The struggles at the rim also hurt his efficiency. He averages almost 19 points per game, but he also averages 14 shots per game. When his shot isn't there, he really struggles.

Defensively, he actually reminds me a lot of Michael Carter-Williams. He has the look of a good defender. He's big, he's long, and he'll get steals, averaging almost two per game. When he wants to toughen up as a one-on-one defender, he's very hard to get past for even the best guards. The question is consistency and his willingness to go hard on defense each and every play.

Ultimately, I love Russell as a prospect. His skill set is unlike anyone else's in this draft, or most drafts, quite frankly. I think a lot of his concerns are correctable, and he doesn't lack for athleticism. For my money, he's the best pure scorer in the draft, and he'd be quite the interesting fit on the Sixers next season. Previously, I had thought this to be a relatively unlikely event, but depending on how the lottery falls for the Sixers, he might be the perfect fit for them come draft night.

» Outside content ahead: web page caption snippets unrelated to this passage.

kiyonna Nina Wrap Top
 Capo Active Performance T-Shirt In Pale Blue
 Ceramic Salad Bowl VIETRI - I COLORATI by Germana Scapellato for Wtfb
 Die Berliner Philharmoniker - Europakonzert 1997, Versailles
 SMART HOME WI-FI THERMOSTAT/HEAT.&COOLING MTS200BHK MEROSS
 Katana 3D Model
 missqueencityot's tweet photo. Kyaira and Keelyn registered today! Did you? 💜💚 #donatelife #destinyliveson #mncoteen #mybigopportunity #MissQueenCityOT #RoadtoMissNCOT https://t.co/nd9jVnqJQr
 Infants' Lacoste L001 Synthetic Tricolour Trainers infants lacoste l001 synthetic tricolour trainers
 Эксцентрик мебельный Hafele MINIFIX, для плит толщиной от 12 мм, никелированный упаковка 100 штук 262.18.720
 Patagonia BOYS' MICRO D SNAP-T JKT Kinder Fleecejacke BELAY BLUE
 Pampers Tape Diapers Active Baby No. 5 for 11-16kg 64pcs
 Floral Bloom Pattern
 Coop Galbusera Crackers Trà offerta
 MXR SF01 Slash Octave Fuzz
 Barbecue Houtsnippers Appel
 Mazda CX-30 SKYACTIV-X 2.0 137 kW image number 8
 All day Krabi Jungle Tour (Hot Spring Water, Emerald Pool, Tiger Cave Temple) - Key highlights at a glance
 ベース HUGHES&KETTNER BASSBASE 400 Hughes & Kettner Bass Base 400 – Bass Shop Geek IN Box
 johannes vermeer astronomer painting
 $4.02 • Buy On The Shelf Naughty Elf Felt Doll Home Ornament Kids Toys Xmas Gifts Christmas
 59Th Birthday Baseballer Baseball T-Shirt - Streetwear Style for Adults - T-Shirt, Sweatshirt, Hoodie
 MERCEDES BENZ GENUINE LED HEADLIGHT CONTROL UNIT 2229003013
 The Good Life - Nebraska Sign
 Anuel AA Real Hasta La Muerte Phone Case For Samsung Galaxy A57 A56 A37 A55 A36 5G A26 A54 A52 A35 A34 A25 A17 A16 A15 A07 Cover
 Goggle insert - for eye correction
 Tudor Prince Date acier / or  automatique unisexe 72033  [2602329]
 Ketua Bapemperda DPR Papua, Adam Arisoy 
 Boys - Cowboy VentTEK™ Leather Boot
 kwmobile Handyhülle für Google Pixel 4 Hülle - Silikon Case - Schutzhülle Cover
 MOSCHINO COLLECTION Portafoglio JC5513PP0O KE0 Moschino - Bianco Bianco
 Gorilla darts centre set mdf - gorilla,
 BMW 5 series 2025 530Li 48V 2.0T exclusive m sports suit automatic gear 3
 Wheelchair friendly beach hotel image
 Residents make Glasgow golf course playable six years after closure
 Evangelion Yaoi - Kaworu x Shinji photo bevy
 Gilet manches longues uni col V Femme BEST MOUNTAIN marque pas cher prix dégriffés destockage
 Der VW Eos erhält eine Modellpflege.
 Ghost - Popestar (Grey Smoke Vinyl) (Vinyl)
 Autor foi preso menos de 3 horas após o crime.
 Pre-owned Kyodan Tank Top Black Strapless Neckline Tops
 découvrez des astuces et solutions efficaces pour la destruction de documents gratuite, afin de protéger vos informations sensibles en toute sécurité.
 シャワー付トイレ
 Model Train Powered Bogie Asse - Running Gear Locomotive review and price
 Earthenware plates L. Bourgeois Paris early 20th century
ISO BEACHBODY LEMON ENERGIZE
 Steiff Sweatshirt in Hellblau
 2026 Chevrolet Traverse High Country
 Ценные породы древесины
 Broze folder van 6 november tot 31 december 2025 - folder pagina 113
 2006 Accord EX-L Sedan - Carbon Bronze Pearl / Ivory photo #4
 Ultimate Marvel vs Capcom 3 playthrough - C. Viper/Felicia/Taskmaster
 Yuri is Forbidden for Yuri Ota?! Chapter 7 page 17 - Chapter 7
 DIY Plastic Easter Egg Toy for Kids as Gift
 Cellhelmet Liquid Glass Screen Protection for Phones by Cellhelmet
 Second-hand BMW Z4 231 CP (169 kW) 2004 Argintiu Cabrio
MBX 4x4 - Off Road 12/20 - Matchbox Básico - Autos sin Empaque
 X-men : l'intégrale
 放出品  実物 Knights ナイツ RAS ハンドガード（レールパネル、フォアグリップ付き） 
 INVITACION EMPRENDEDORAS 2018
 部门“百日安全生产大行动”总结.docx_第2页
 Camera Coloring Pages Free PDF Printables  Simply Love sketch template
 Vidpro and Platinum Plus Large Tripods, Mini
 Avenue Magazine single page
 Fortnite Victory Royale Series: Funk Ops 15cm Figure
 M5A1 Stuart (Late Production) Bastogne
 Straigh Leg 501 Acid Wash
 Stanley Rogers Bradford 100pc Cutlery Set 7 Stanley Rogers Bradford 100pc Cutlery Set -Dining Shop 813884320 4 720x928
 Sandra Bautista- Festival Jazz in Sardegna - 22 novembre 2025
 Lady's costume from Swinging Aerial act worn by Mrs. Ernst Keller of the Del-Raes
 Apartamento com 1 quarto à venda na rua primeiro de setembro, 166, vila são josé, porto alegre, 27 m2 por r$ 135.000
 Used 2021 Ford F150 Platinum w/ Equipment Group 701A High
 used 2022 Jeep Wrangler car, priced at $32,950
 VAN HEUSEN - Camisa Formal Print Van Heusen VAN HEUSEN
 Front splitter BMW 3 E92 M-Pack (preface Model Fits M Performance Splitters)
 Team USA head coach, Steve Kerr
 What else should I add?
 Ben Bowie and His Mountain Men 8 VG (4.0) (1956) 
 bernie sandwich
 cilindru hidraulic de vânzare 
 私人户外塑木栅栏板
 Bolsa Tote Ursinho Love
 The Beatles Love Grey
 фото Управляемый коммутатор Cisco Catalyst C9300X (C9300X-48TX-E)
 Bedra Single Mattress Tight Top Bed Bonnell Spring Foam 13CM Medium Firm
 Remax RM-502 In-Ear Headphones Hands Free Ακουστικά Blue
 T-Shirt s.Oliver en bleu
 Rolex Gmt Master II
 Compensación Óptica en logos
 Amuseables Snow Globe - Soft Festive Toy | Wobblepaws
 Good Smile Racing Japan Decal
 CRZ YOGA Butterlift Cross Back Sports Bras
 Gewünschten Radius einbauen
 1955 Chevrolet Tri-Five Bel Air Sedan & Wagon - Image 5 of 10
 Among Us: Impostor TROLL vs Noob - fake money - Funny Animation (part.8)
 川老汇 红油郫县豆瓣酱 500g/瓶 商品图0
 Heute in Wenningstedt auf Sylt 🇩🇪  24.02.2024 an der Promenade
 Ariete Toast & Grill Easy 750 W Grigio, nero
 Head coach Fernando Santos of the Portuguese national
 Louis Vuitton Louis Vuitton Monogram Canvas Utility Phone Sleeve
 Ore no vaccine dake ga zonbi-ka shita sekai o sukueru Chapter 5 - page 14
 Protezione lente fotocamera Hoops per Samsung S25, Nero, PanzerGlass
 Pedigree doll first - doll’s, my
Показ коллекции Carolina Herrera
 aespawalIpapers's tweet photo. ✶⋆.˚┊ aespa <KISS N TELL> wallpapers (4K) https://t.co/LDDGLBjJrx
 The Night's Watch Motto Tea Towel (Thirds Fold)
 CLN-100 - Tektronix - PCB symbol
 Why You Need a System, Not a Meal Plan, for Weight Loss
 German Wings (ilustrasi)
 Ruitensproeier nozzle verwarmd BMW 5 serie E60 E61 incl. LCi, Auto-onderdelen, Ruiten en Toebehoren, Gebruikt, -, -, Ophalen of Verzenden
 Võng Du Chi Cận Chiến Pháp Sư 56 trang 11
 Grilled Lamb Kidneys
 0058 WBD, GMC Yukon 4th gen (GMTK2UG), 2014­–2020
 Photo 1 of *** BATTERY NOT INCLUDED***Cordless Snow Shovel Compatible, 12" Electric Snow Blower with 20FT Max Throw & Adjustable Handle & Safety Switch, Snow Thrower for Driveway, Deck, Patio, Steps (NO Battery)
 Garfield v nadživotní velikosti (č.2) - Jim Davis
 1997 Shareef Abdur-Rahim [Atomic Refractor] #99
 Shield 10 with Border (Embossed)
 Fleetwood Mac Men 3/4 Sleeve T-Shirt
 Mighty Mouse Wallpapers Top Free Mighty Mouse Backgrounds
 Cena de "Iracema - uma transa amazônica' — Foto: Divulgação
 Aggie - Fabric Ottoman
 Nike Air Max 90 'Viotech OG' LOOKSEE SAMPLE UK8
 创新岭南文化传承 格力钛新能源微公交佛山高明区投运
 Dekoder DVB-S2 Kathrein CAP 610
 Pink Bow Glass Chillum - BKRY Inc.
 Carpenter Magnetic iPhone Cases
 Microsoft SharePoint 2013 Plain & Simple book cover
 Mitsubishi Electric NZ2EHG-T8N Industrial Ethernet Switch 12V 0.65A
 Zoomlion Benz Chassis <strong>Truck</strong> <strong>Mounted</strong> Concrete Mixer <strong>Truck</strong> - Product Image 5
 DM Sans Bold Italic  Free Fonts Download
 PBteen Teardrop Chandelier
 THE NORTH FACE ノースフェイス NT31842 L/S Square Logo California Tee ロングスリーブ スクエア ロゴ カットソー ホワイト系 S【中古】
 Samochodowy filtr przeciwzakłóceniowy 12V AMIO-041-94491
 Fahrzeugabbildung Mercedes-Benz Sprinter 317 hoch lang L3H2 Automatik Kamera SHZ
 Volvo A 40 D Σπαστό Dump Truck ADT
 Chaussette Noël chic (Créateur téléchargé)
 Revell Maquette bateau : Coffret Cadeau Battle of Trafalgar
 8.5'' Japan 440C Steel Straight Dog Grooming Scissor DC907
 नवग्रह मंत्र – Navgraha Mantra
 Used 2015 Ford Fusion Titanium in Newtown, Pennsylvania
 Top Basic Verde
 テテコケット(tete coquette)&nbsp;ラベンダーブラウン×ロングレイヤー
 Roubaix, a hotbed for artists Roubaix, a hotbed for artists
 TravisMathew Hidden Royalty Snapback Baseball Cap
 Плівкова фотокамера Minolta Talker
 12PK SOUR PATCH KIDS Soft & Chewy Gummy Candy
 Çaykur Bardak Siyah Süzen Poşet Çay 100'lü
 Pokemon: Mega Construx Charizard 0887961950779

Mock The Sixers and Big Board

My big board hasn't changed since last week since I'm not THAT fickle. As is custom with WigginsWatch, it's time to Mock The Sixers, where, for the first time, we have to recognize the possibility that the Sixers might not draft #1.

3. Emmanuel Mudiay, PG, Guangdong - Ultimately, I think Mudiay falls to three, and I would be thrilled to see him there. Mudiay would give the Sixers a complete player at point guard who would fit perfectly with Joel Embiid.

16. Montrezl Harrell, PF, Louisville - I have to give my guy MONTREZL some support this week. He's an ultra-long rebound fiend, even if that three point shot he keeps trying to work on isn't quite there yet.